►

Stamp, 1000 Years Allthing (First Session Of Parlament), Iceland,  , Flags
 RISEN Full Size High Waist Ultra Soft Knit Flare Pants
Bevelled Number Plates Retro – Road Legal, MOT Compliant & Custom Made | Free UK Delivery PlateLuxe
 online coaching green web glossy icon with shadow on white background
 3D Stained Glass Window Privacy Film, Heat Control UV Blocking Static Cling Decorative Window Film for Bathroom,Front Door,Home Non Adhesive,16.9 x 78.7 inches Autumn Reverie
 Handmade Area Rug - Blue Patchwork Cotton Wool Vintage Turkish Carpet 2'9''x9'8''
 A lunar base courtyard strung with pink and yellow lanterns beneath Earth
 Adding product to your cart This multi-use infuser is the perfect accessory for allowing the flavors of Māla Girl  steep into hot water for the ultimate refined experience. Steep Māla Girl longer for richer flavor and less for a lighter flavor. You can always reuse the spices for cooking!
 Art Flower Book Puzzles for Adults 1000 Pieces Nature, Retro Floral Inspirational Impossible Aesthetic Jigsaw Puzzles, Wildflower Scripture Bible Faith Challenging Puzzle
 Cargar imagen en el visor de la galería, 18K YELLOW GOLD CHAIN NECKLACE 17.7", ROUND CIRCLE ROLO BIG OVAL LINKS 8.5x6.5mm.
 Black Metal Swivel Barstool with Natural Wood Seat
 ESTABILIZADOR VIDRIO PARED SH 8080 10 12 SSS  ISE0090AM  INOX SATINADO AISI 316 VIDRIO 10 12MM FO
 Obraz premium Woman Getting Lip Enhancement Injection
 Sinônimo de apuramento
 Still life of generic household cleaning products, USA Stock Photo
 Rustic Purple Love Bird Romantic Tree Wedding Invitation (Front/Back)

◄

Go through the records above and retype each one exactly.

**TASK SOLUTION:**
Stamp, 1000 Years Allthing (First Session Of Parlament), Iceland,  , Flags
 RISEN Full Size High Waist Ultra Soft Knit Flare Pants
Bevelled Number Plates Retro – Road Legal, MOT Compliant & Custom Made | Free UK Delivery PlateLuxe
 online coaching green web glossy icon with shadow on white background
 3D Stained Glass Window Privacy Film, Heat Control UV Blocking Static Cling Decorative Window Film for Bathroom,Front Door,Home Non Adhesive,16.9 x 78.7 inches Autumn Reverie
 Handmade Area Rug - Blue Patchwork Cotton Wool Vintage Turkish Carpet 2'9''x9'8''
 A lunar base courtyard strung with pink and yellow lanterns beneath Earth
 Adding product to your cart This multi-use infuser is the perfect accessory for allowing the flavors of Māla Girl  steep into hot water for the ultimate refined experience. Steep Māla Girl longer for richer flavor and less for a lighter flavor. You can always reuse the spices for cooking!
 Art Flower Book Puzzles for Adults 1000 Pieces Nature, Retro Floral Inspirational Impossible Aesthetic Jigsaw Puzzles, Wildflower Scripture Bible Faith Challenging Puzzle
 Cargar imagen en el visor de la galería, 18K YELLOW GOLD CHAIN NECKLACE 17.7", ROUND CIRCLE ROLO BIG OVAL LINKS 8.5x6.5mm.
 Black Metal Swivel Barstool with Natural Wood Seat
 ESTABILIZADOR VIDRIO PARED SH 8080 10 12 SSS  ISE0090AM  INOX SATINADO AISI 316 VIDRIO 10 12MM FO
 Obraz premium Woman Getting Lip Enhancement Injection
 Sinônimo de apuramento
 Still life of generic household cleaning products, USA Stock Photo
 Rustic Purple Love Bird Romantic Tree Wedding Invitation (Front/Back)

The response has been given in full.